It is safe to assume that no one at the CDC has ever had a toddler. If they had, they would know their new guidance for daycare centers and preschools is insane. Not just from a scientific perspective but from a feasibility perspective. The new recommendations may also make you wonder why CDC guidance is getting more restrictive in light of increasing levels of vaccination and waning cases.
The new CDC guidance calls for mask-wearing for children aged two and older:
Everyone 2 years and older should wear a mask covering their mouth and nose when around people who do not live in their household, except when eating or sleeping.
Anyone who thinks two-, three-, and four-year-olds are going to tolerate this has never met one. In a stunning statement, it goes on to say:
…even after childcare providers and staff are vaccinated, there will be a need to continue prevention measures for the foreseeable future, including wearing masks, physical distancing and other important prevention strategies outlined in this guidance document.
This recommendation is in opposition to everything we are learning about the effectiveness of vaccines. In seven large-scale trials, not a single person who received the vaccination has suffered from severe illness or death. From USA Today:
All seven COVID-19 vaccines that have completed large efficacy trials — Pfizer, Moderna, Johnson & Johnson, Novavax, AstraZeneca, Sputnik V and Sinovac — appear to be 100% effective for serious complications. Not one vaccinated person has gotten sick enough to require hospitalization. Not a single vaccinated person has died of COVID-19.
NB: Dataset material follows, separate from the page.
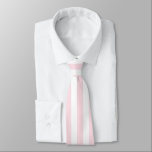 Pastel Roze Stripes Solid Color Summer Vacay Stropdas<br><div class="desc">Lovable light spring pastel roze gestreepte kleur. Minimalistische,  eenvoudige,  moderne trendy chic-pasteltestethiek in roze vaste kleur. Pastel roze decor,  pastelroze esthetisch decor,  pastelroze keuken,  pastelroze kleur. Stropdas van de paarse lente van de pasta . Klassieke  retro pastelroze en witte gekleurde strepen patroon,  trendy zomerzonvakantie vibes design.</div>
Additionally, Moderna and Pfizer had 94.1% and 95% effectiveness respectively against mild illness. The Johnson and Johnson vaccine demonstrated 72% effectiveness against the same in the United States. These are the three brands currently being distributed under an Emergency Use Authorization (EUA) from the FDA.
Israel’s real-world experience displays similar results. The country has vaccinated 45% of its population. Through March 6th, 14 days after the second dose of the Pfizer vaccine, they found:
- 97% effectiveness against symptomatic COVID-19, hospitalizations, severe and critical disease, and deaths.
- 94% effective against asymptomatic SARS-CoV-2 infection.
- The risk of death was too small to be calculated seven days after the second dose.
We also know the risk stratification for severe illness and death with COVID-19, according to the CDC. It is significantly correlated with advanced age, which would not be the bulk of the population providing daycare and preschool services. Additionally, I would assume that President Biden would not mislead a child. At a recent town hall, he told 8-year-old Layla, who was worried about catching COVID and dying or giving it to her parents:
First of all, kids don’t get COVID very often. It’s unusual for that to happen. Children aren’t the people most likely to get COVID….You’re the safest group of people in the world, number one. Number two you’re not likely to be exposed and spread it to mommy and daddy. And it’s not likely mommy and daddy are able to spread it to you either.
Questions for a town hall are scripted, and their answers are too. Biden articulated an accurate summary of all of the research to date on young children and COVID-19. It is also consistent with comments made by Dr. Anthony Fauci during congressional testimony in November of 2020.
After a year of living with COVID-19 and increasing vaccination, it is high time for the CDC to make balanced risk-based assessments. Given the exceptionally low risk of a severe outcome in a daycare or pre-school setting, should we be more concerned with young children’s social and emotional development? Toddlers learn social cues and language by seeing people’s facial expressions and watching them articulate words. Our children’s education has suffered broadly over the last twelve months, and as a society, we should be looking to mitigate further losses as quickly as possible.
Unless the CDC has information about COVID-19 it has not shared with the public, this guidance is difficult to understand. In light of everything they have shared, it is cautious in the extreme for healthy children and childcare providers. Teaching handwashing, hygiene, and taking extra care with cleaning and disinfection all make sense. With warmer weather, opening windows and increasing ventilation, or spending more time outdoors are all reasonable guidelines. Keeping toddlers’ faces covered is not.